» **PROMPT**
Wherever "Logo" appears in the records below, copy the line that holds it.
***** PROVIDED RECORDS *****
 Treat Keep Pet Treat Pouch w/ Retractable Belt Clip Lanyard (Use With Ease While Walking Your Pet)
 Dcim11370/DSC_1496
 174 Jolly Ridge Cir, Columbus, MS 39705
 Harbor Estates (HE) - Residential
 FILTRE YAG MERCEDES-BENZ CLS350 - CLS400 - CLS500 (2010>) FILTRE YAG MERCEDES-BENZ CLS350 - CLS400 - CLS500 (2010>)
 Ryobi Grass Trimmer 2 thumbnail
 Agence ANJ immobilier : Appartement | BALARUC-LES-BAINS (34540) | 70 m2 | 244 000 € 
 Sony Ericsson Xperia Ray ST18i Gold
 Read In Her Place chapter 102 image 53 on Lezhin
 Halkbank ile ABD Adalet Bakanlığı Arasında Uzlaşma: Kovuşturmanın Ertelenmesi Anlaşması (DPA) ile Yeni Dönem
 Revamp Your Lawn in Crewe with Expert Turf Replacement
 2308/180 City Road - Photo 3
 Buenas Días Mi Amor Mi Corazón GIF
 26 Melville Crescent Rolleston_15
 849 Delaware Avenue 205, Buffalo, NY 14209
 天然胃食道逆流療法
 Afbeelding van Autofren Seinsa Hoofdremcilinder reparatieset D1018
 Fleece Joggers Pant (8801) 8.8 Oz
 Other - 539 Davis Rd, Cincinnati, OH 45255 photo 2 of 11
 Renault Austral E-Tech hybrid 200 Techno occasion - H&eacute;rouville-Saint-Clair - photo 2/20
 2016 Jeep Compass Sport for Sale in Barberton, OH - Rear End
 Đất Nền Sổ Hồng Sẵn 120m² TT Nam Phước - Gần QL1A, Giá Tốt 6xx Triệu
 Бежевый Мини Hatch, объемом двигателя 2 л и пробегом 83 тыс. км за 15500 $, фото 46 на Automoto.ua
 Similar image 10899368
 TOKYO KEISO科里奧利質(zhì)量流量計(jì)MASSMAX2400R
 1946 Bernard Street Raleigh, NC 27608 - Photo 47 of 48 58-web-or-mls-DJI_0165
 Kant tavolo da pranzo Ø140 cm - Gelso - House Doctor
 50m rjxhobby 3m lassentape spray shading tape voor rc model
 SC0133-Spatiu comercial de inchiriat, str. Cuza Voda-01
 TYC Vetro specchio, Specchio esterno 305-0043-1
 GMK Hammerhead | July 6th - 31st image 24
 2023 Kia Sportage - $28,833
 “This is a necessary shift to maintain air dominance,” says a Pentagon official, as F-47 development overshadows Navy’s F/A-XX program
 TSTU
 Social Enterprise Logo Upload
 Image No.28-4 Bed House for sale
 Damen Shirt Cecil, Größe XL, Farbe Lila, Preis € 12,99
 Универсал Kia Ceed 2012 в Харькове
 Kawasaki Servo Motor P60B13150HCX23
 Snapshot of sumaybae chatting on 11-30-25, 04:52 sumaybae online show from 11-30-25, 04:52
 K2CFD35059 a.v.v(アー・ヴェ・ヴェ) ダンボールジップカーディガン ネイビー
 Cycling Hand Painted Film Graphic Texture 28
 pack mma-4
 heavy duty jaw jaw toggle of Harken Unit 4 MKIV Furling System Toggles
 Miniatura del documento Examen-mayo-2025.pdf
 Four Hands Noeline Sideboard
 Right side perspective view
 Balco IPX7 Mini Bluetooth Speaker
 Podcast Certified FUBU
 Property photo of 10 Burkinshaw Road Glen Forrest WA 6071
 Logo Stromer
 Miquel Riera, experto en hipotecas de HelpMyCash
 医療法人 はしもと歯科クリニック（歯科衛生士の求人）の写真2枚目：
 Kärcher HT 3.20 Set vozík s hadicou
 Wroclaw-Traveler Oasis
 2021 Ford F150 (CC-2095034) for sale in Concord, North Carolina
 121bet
*****
» **ANSWER AREA**
 Social Enterprise Logo Upload
 Logo Stromer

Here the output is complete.